### [Provided material]
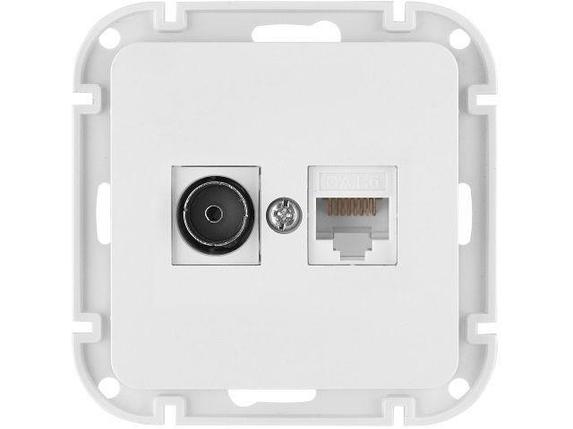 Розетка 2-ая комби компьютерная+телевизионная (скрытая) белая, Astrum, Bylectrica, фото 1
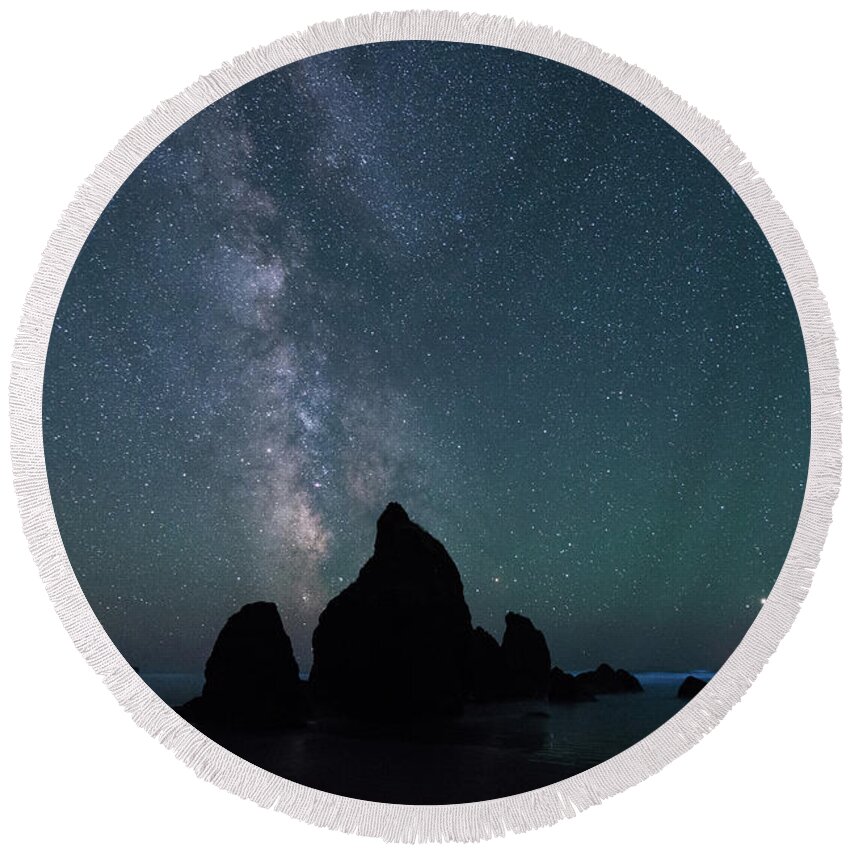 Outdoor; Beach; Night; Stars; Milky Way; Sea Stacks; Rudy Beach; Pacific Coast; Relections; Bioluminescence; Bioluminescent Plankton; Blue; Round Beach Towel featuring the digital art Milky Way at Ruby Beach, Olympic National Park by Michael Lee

---

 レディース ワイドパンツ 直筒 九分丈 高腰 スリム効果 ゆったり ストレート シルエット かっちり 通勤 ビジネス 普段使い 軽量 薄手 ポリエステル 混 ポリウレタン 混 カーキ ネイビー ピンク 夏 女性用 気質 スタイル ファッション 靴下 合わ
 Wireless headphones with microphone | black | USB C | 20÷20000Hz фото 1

### [Problem requirements]
Starting at the line that contains "レディース ワイドパンツ 直筒" and stopping after the line that contains "Wireless headphones with", write out every line exactly as it appears above, and no other line.

### [Final answer]
 レディース ワイドパンツ 直筒 九分丈 高腰 スリム効果 ゆったり ストレート シルエット かっちり 通勤 ビジネス 普段使い 軽量 薄手 ポリエステル 混 ポリウレタン 混 カーキ ネイビー ピンク 夏 女性用 気質 スタイル ファッション 靴下 合わ
 Wireless headphones with microphone | black | USB C | 20÷20000Hz фото 1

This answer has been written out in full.